The short answer is that the BBC could never do enough to satisfy its enemies on the right, who are as exercised by what the BBC represents – a ‘public service’ model in an increasingly commercial media landscape – as they are by what it says or does.
The insurgent right is far more comfortable with outlets owned by billionaire media moguls and tech oligarchs than with organisations that are formally accountable to and owned by the public. Given that our key communication platforms are controlled by US tech giants and, should Comcast complete its proposed takeover of ITV, the news outputs of ITV, Channel 4, Channel 5 and Sky will effectively be in US hands, these attacks on public service – accentuated by Trump’s threat of legal action – should be fiercely resisted.

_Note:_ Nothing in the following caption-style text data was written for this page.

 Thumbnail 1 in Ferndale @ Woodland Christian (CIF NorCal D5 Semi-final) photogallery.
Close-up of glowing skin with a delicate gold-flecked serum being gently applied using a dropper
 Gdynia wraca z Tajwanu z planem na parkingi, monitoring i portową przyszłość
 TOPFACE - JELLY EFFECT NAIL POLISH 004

None of this means ignoring the BBC’s substantial flaws. If the corporation has a problem relating to ‘ordinary’ people, it isn’t because it’s packed with social justice warriors but because it’s disproportionately staffed, especially at an executive level, by privately educated university graduates, 26 per cent of whom went to Oxbridge. Concentrated in London, it is unwilling to hand meaningful power and resources to the devolved nations and regions. Its bureaucratic and hierarchical rigidity is borne out by its incapacity to react to the Telegraph dossier for a week while the board was locked in disagreement. When BBC staff must be desperately anxious about their future, the corporation’s chair, Samir Shah, used a ‘town hall’ event following the resignations to argue that it was ‘disrespectful’ to attack board members, a comment that enraged staff found ‘tone deaf’.

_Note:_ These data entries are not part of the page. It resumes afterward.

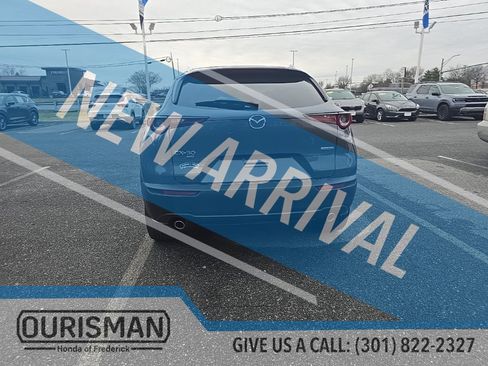 Used 2023 MAZDA CX-30 AWD 2.5 S w/ Preferred Package image 7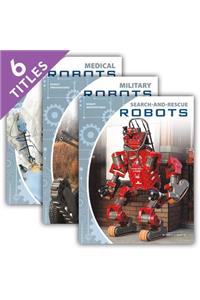 Robot Innovations (Set)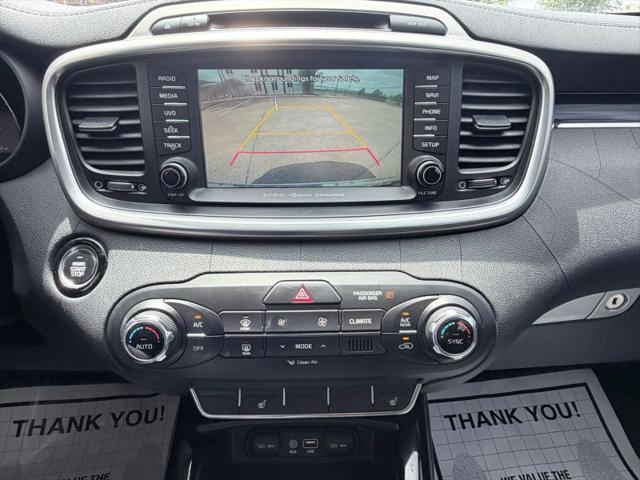 2016 Kia Sorento 3.3L SX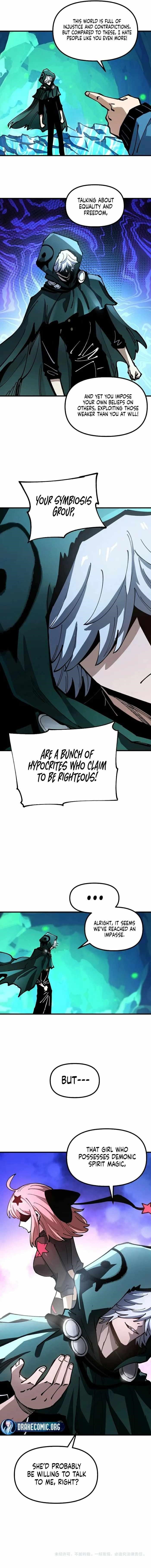 Beast Taming: I Can See the Evolution Paths Chapter 42 - Page 6 in English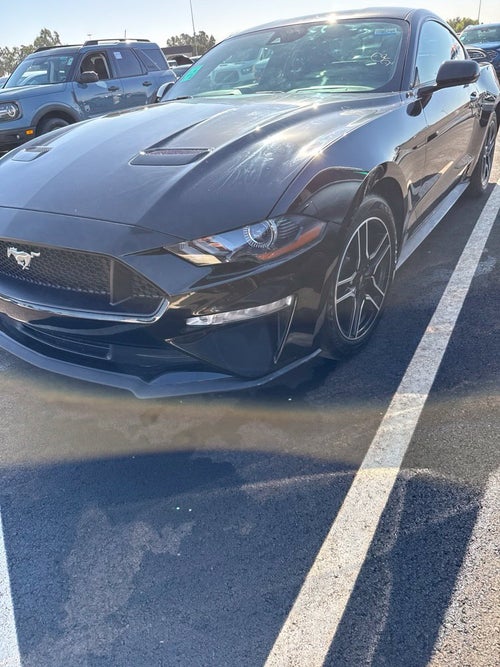 2021 Ford Mustang EcoBoost Premium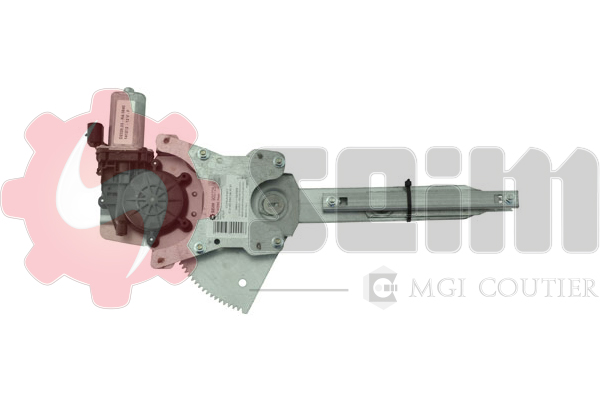 Seim Raammechanisme 900725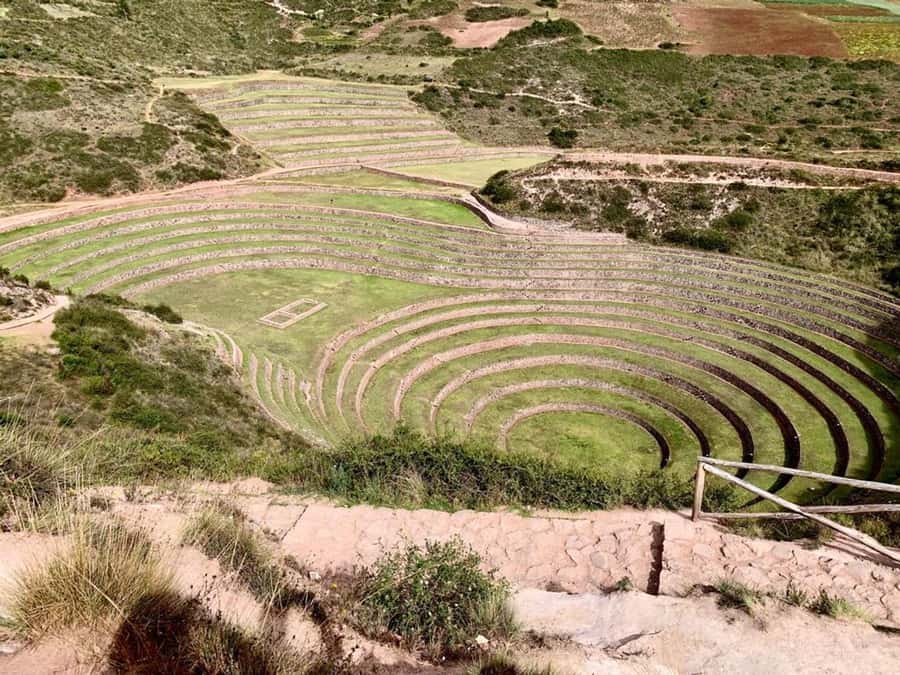 Cusco Tourist Ticket and Sacred Valley Site Pass - What the Cusco Tourist Ticket actually is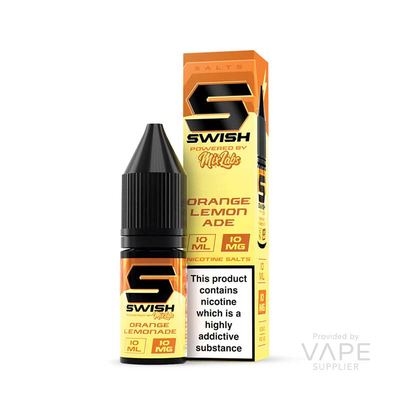 Swish By Mix Labs Originals 20mg Nic Salt
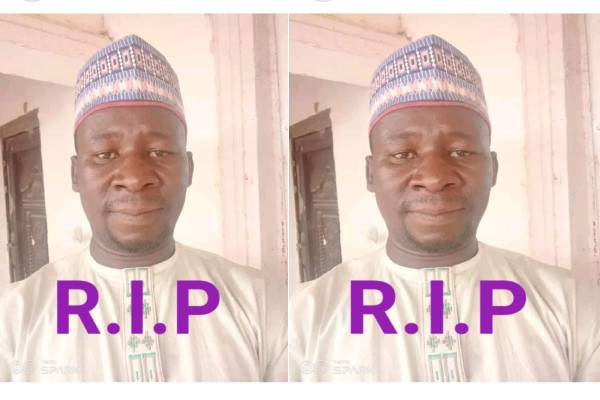 Zamfara Secondary School Teacher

Forty-eight hours after the resignations, the culture secretary, Lisa Nandy, told the House of Commons that ‘the BBC is not just a broadcaster; it is a national institution that belongs to us all.’ It is formally ‘our BBC’, as the corporation’s branding insists, but it doesn’t always feel that way. An opportunistic and dangerous attack on the principle of non-commercial media shouldn’t obscure the underlying structural problems with the corporation, its lack of meaningful independence from government, and the need for radical change.

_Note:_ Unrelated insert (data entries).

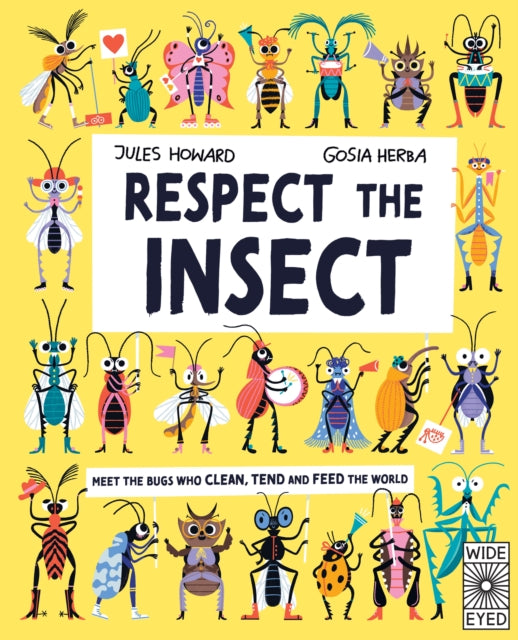 Respect the Insect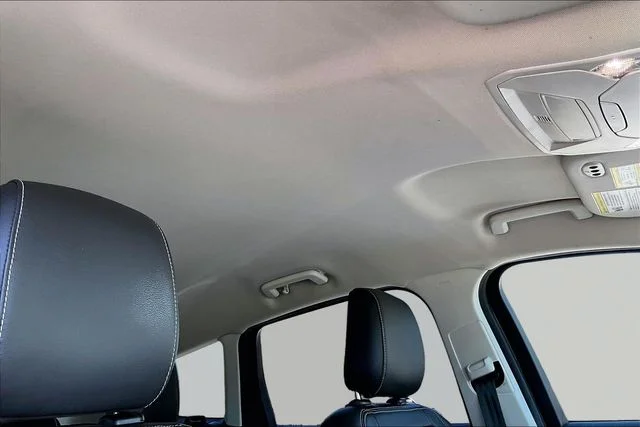 Used 2018 Magnetic Metallic Ford Titanium image 27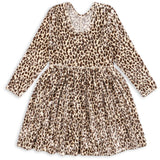 Konges Sløjd Leo Carlito Klänning Grs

There’s plenty to be getting on with: to demand that Gibb return to a career in PR, that the BBC refuse to pay Trump’s ransom and that the government be removed entirely from the corporation’s governance and funding decisions. But there also needs to be a thoroughgoing transformation of the BBC, perhaps by handing it over to the public in the way imagined by the Media Reform Coalition.
Next May will be the hundredth anniversary of the 1926 general strike, which presented the newly created BBC with its first test. Would it stand up to government and remain independent or would it acquiesce to power? As Lord Reith remarked in his diary, there was no need for the government to ‘commandeer’ the BBC because ‘they know that they can trust us not to be really impartial.’